Pues sí, hay otros mercados que no especulan con nuestro futuro, que no se dedican a producir poco de unas cosas para subir el precio de las que quedan y que bien al contrario de dar disgustos nos alegran las mañanas o las tardes de los veranos, o durante el año, rebuscando entre ellos cosas que teníamos ya olvidadas o caprichos simples que no podemos evitar. Los llaman mercadillos, pero yo creo que el diminutivo les pega más a lo que llaman grandes mercados en los telediarios.
En los mercados buenos, los vendedores se tunean y disfrazan sus puestos negando el tiempo de los mismos. Se dejan llevar por los sueños medievales y por un día se sienten los señores feudales de la localidad.

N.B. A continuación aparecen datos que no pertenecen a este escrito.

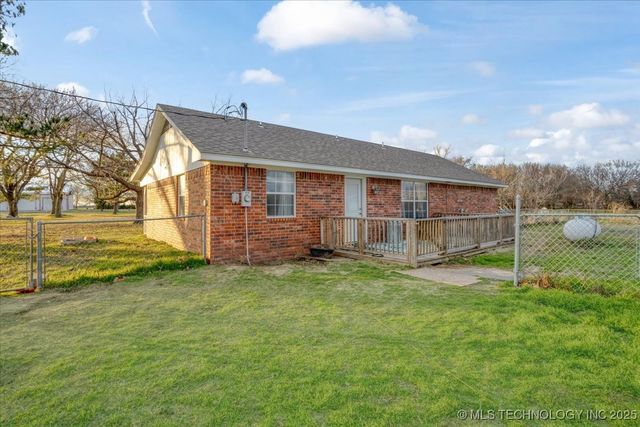 66 N Roberta Road, Durant, OK 74701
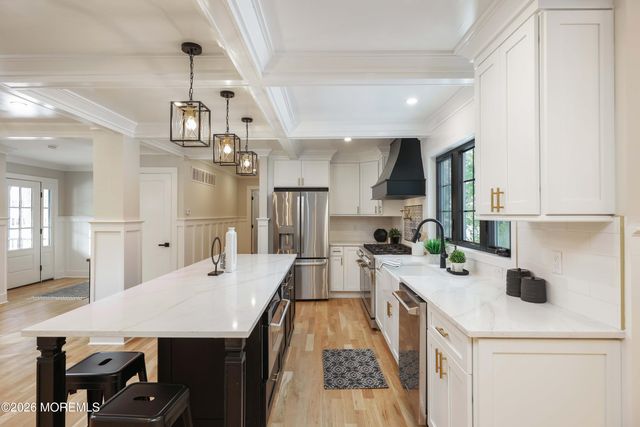 757 Nutswamp Road, Red Bank, NJ 07701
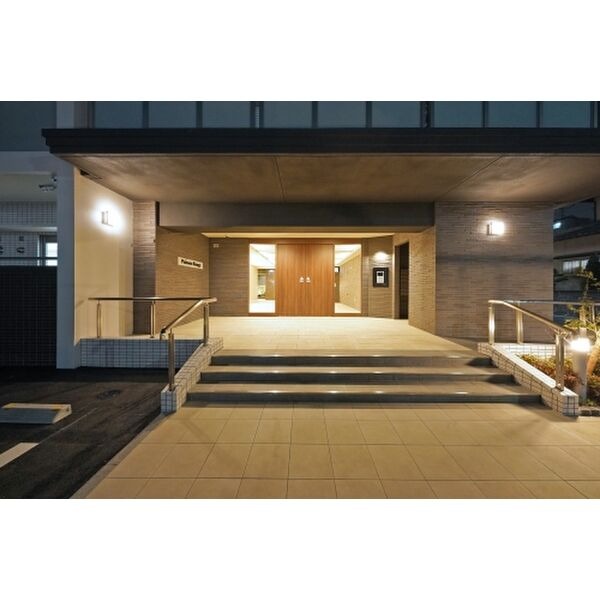 おしゃれなエントランスです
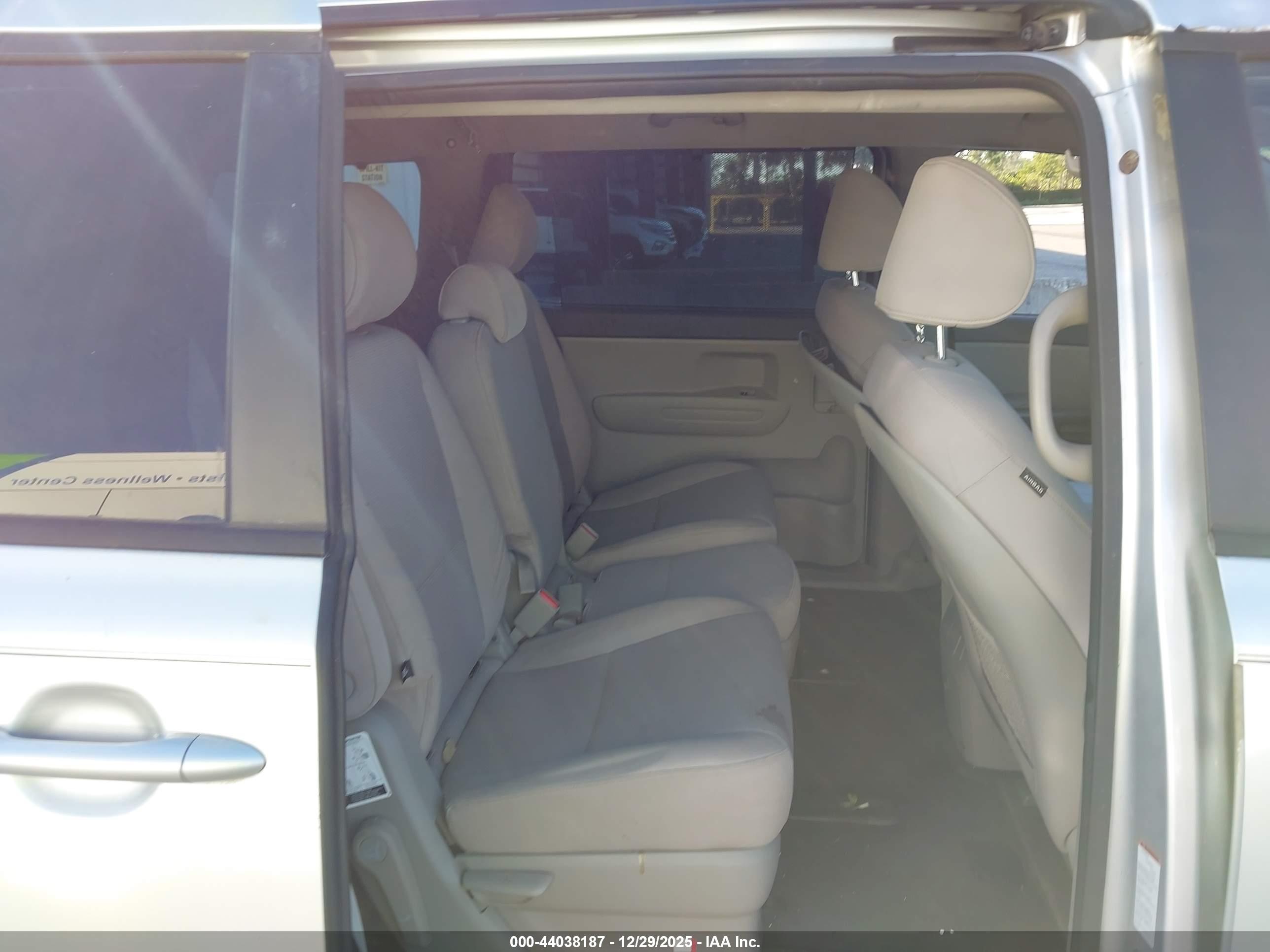 KIA SEDONA image 8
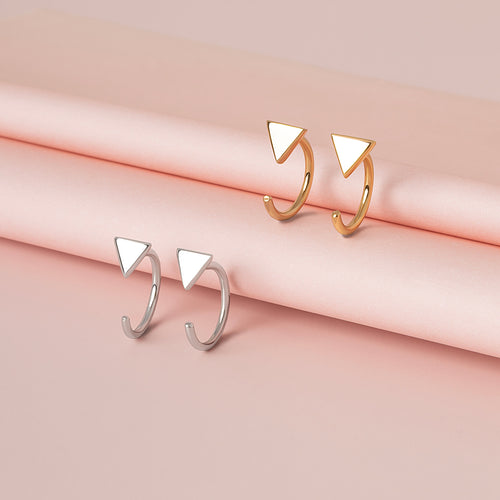 Color : Silver 
Color : Gold 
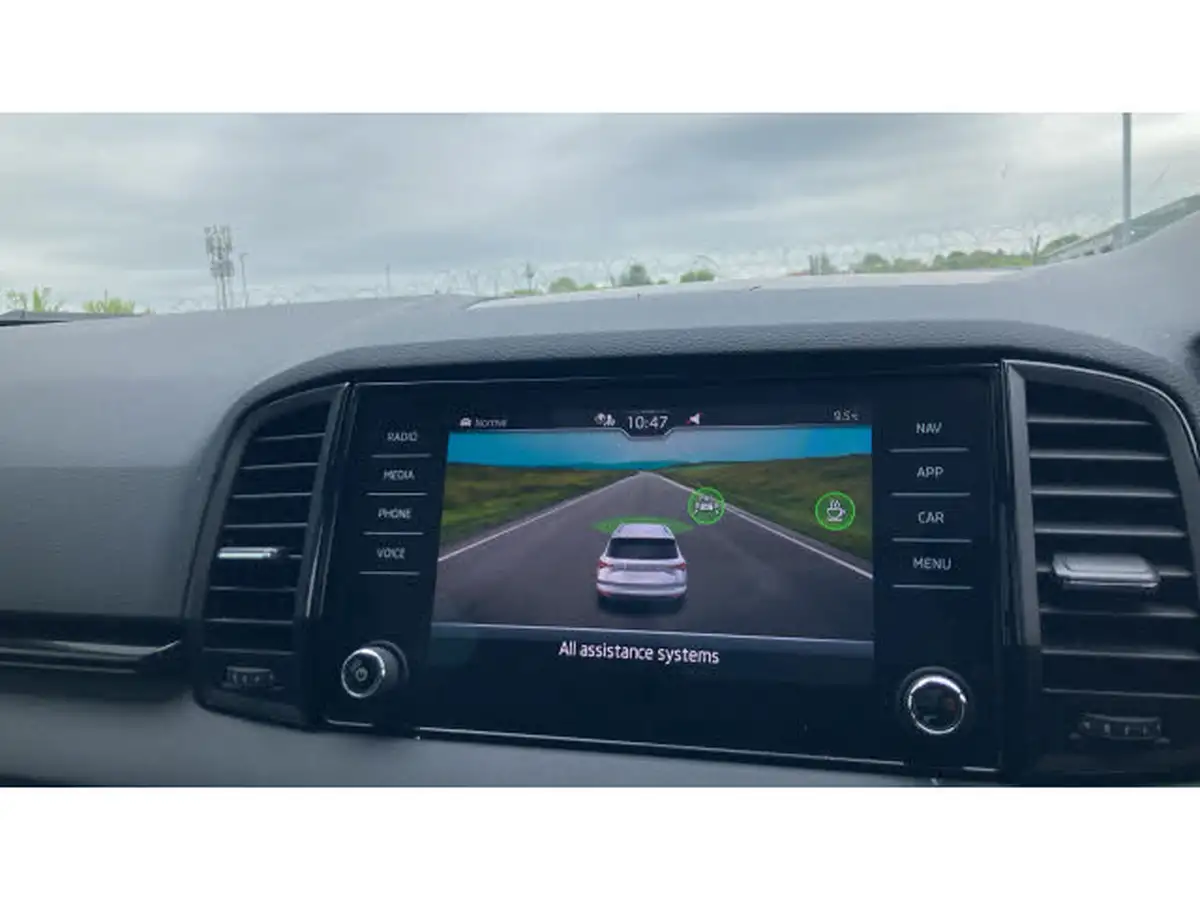 2024-skoda-karoq-15-tsi-sportline-big-27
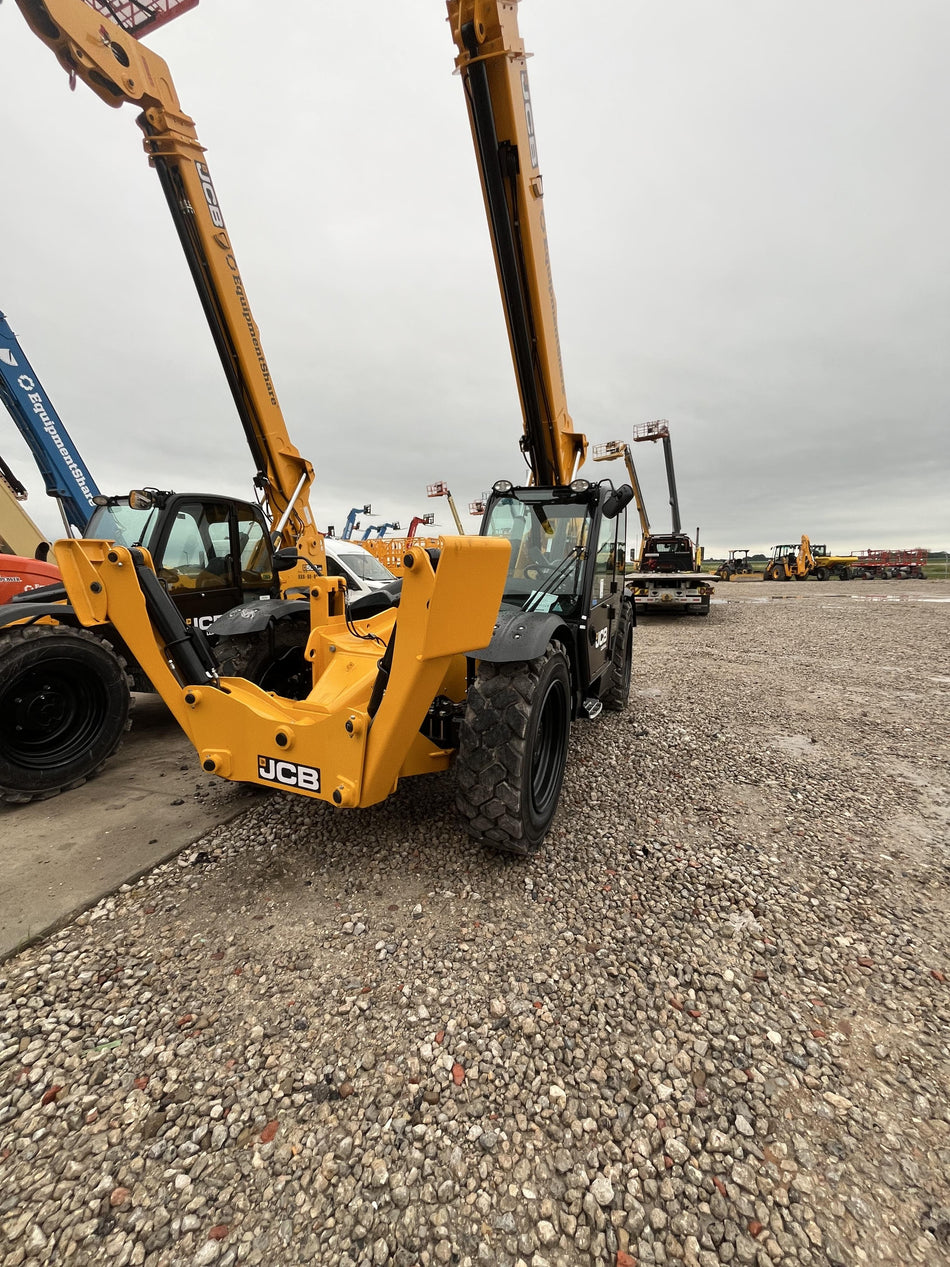 2025 JCB 512-56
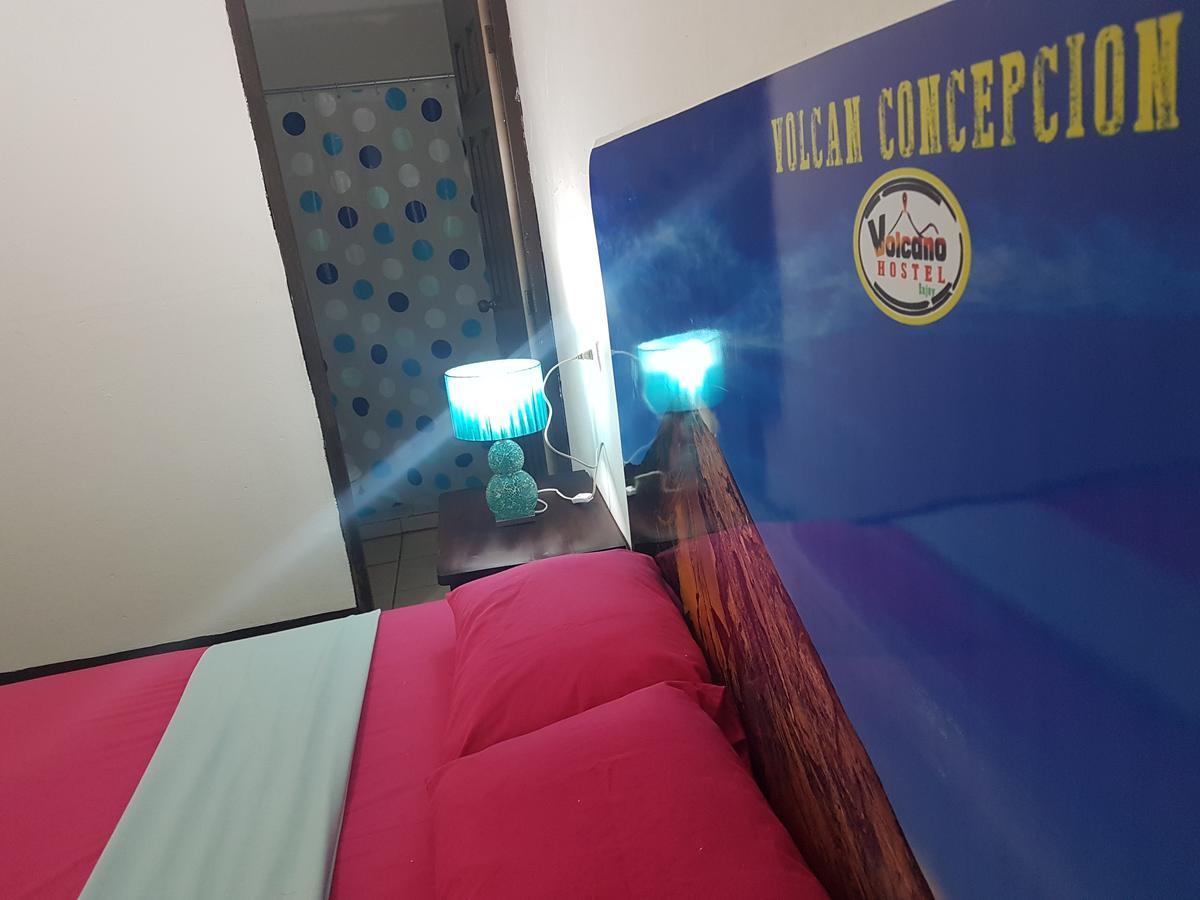 Volcano Hostel Леон Экстерьер фото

El día pasa y sobre sus toldos mitigan los calores que muchas veces se hacen insoportables poniendo a disposición de la plebe anillos, bolsos y todo lo que entre en unos pocos metros cuadrados. Cuánta paciencia tienen los vendedores.
Los collares y pulseras de vivos colores se cuelgan por todos los lados llamando la vista de los viandantes, que caen hipnotizados por los rayos de luz que refulgen con gran fuerza de la bisutería. Y a la gente le encanta pararse, mirar, tocar, volver a mirar, volver a tocar y preguntar si tienen el único color que no hay de todos los que hay, para pasar al puesto de al lado y repetir la misma acción. Cuánta paciencia tienen los vendedores.
A veces las tendencias de la calle se ven en los mercadillos. Lo que antes se llenaba de viseras y gorras, ahora se llena de sombreros, de los de antes, de los de los abuelos. Gorras, sombreros y viseras se colocan en hileras ante la mirada curiosa de la gente que no puede evitar probarse alguna y enseñarle al que tienen al lado como le queda para esbozar unas risas. Cuánta paciencia tienen los vendedores.
Si en el puesto se venden también pañuelos, no te venden ni uno, ni dos, los tienes todos en hilera, por gamas de colores, como si conocieran a la gente perfectamente y supieran que que si lo tienen rojo se lo pedirán verde, y si lo tienen azul, se lo pedirán amarillo. Cuánta paciencia tienen los vendedores.
Pero si hay algunos que tenían que ser clasificados como peligrosos, son los que tienen comida. Huelen desde metros a harina bien tostada o a embutido ahumado del que te entra hambre aunque estés recién comido. Hogazas y tartas de tamaños enormes compiten en glotonería y a determinadas horas la gente se planta enfrente y sacan a pasear sus lenguas por la boca mientras se relamen con gusto. Cuánta paciencia tienen los vendedores.
Por otro lado los dulces también tienen su hueco para atraer las miradas de los niños. Por suerte estos mercados tienen golosinas naturales y son muy apreciadas por los padres para dárselas a sus niños. Hay mercados que se hacen eternos, otros pequeños, pero todos tienen ese encanto especial a deseos rutinarios, a placeres mundanos. Viéndolos, uno no entiende por qué no son estos los que dirigen nuestro mundo. Cuánta paciencia tenemos los mortales.